▶ **DATA RECORDS**:
....
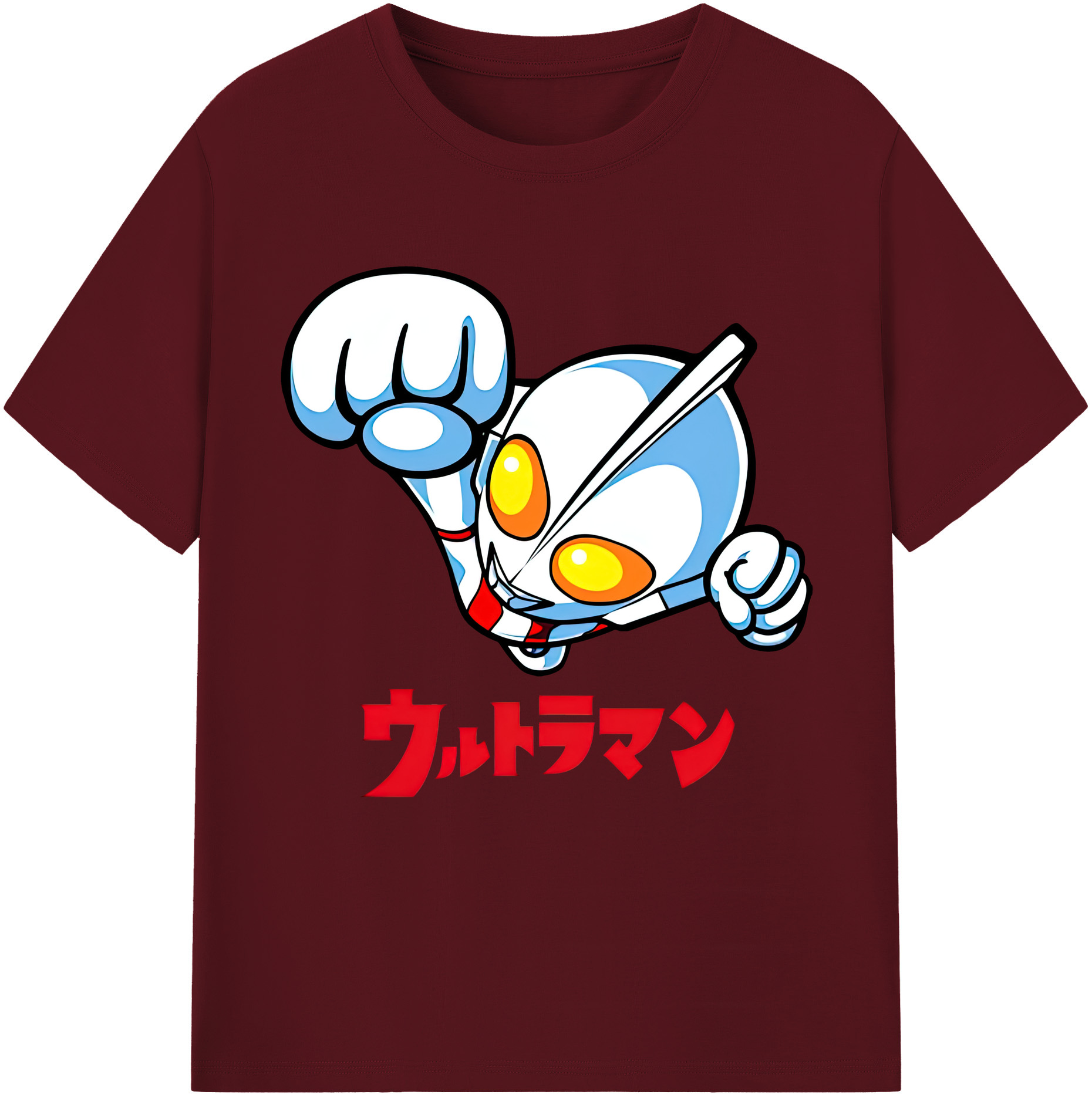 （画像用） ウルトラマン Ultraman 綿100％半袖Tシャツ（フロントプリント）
....
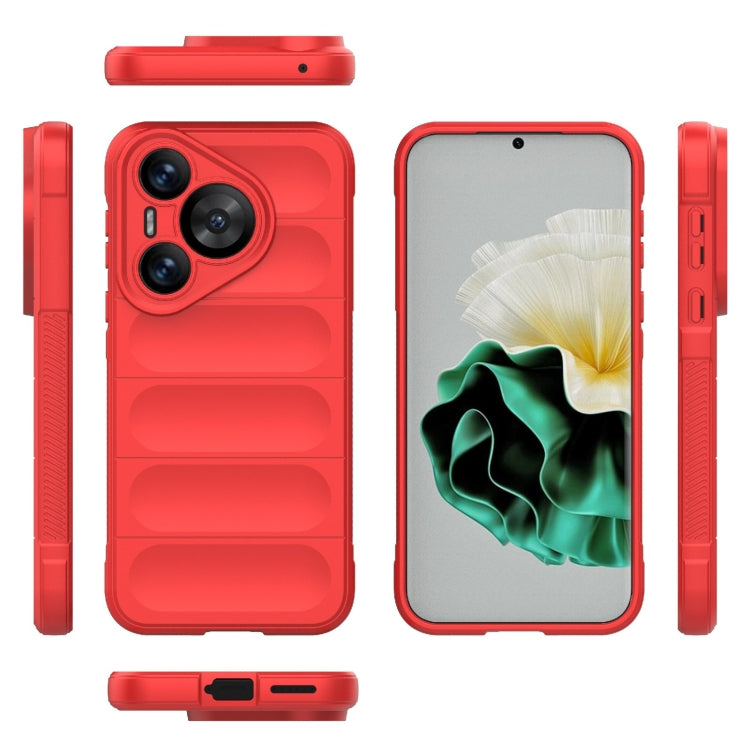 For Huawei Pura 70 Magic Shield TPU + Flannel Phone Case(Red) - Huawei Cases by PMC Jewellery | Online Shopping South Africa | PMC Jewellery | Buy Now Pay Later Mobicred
....
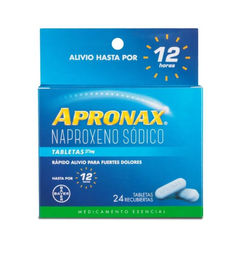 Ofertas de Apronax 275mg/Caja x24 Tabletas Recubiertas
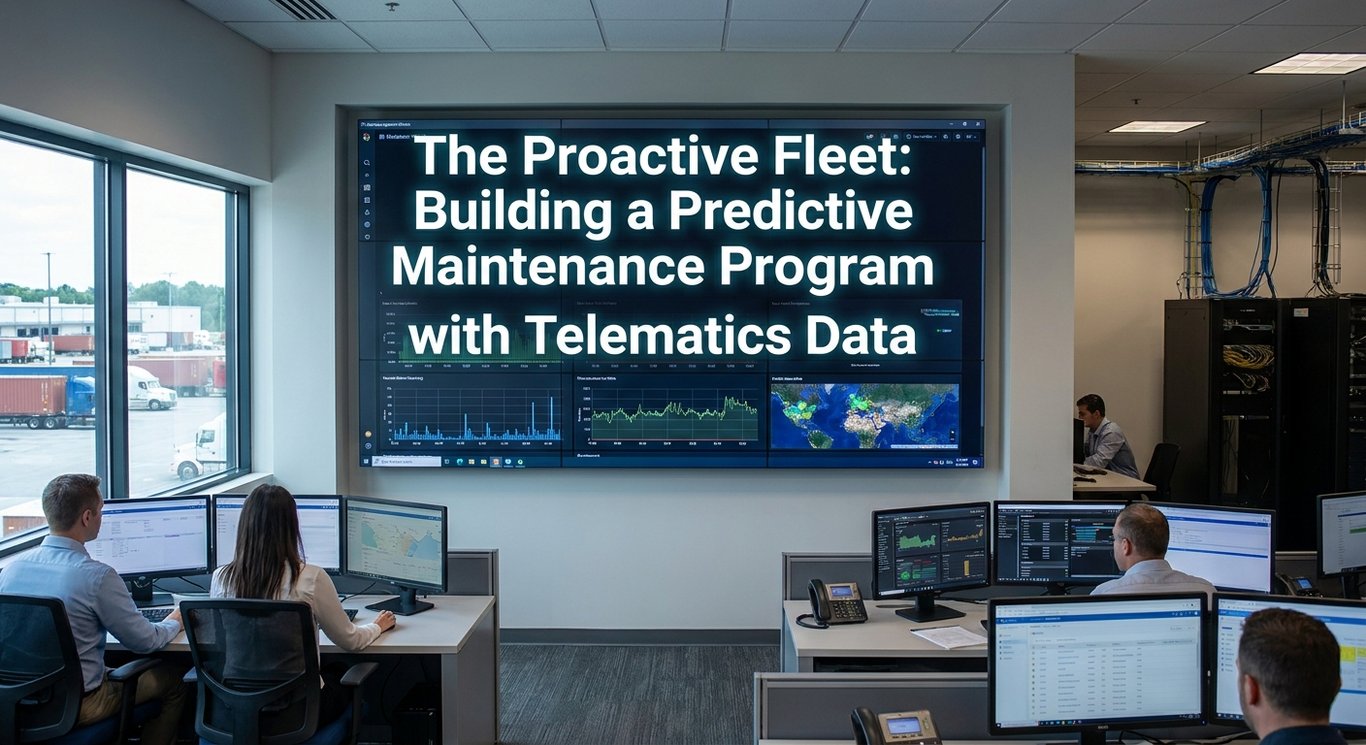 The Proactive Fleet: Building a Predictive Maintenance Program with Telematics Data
....
▶ **TASK TO COMPLETE**:
Give back the exact lines above, running from the one that has "Ofertas de Apronax" through the one that has "The Proactive Fleet: Building", with nothing added and no pictures.

▶ **RESPONSE AREA**:
 Ofertas de Apronax 275mg/Caja x24 Tabletas Recubiertas
 The Proactive Fleet: Building a Predictive Maintenance Program with Telematics Data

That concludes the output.